_EXERCISE DETAILS:_
Lines from the top of the entries down to the line with "Grey flexible breather" must be set down exactly as they stand, with both ends retained.
[Start of Attachment]
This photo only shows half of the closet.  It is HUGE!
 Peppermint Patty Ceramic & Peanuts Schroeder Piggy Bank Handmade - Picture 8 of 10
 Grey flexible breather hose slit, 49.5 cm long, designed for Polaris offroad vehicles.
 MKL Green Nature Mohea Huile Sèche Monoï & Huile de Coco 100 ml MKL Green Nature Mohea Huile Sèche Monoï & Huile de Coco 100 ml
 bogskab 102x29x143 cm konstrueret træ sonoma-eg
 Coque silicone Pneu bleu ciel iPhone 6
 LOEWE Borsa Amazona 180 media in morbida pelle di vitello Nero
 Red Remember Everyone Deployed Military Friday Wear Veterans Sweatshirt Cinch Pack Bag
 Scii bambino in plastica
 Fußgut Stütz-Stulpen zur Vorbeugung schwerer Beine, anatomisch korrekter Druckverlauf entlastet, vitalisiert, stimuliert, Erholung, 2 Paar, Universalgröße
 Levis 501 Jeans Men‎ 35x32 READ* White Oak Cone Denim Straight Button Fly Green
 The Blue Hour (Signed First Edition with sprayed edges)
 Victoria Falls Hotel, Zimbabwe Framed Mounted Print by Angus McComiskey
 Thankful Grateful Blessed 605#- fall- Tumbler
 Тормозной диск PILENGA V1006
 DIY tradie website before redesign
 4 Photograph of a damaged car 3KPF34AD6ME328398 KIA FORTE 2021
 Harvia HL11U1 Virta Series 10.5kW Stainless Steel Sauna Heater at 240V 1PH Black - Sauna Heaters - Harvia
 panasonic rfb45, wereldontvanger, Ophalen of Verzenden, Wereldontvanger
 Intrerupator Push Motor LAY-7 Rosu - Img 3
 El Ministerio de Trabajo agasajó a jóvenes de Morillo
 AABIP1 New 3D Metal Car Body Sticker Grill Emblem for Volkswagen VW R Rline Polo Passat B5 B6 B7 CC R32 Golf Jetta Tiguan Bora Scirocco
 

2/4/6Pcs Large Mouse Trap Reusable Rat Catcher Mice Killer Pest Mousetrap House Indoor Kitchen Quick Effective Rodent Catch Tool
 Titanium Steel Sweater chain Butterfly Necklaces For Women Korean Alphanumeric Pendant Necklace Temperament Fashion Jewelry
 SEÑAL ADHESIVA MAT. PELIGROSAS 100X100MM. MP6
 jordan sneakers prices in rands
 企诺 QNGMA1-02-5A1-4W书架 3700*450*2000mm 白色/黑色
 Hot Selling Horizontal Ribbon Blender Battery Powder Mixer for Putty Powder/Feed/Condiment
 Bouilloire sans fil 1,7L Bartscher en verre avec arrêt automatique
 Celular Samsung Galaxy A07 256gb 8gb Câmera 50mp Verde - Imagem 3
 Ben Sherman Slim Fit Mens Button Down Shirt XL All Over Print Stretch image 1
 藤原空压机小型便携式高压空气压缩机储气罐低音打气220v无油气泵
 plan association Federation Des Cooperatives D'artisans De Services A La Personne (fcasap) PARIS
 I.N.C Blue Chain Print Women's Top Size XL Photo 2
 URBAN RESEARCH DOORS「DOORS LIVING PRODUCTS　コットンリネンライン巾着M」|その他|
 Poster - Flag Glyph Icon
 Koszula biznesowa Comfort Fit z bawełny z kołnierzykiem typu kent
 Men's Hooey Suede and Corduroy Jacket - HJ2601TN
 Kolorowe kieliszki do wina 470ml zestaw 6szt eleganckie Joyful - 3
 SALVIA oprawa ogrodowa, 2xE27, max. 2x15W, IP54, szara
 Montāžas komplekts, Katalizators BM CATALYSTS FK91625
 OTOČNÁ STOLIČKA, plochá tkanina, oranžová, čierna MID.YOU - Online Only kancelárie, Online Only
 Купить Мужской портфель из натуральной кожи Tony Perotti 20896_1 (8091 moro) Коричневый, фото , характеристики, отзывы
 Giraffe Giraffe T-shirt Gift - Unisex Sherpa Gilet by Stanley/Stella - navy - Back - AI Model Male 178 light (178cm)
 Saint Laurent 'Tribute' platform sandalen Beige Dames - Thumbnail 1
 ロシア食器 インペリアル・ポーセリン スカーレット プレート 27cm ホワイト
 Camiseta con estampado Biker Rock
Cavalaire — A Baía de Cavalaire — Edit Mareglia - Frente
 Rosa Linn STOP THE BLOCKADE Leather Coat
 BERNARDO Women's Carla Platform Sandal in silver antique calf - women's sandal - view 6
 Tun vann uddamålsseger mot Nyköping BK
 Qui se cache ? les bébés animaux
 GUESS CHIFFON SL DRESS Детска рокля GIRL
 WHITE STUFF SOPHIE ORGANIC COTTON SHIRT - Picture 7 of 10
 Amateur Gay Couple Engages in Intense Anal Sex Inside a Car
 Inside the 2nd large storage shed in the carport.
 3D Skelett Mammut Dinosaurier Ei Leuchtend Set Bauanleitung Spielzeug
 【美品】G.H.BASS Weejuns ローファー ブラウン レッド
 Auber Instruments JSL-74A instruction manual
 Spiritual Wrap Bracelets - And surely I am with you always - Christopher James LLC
[End of Attachment]
_ANSWER:_
This photo only shows half of the closet.  It is HUGE!
 Peppermint Patty Ceramic & Peanuts Schroeder Piggy Bank Handmade - Picture 8 of 10
 Grey flexible breather hose slit, 49.5 cm long, designed for Polaris offroad vehicles.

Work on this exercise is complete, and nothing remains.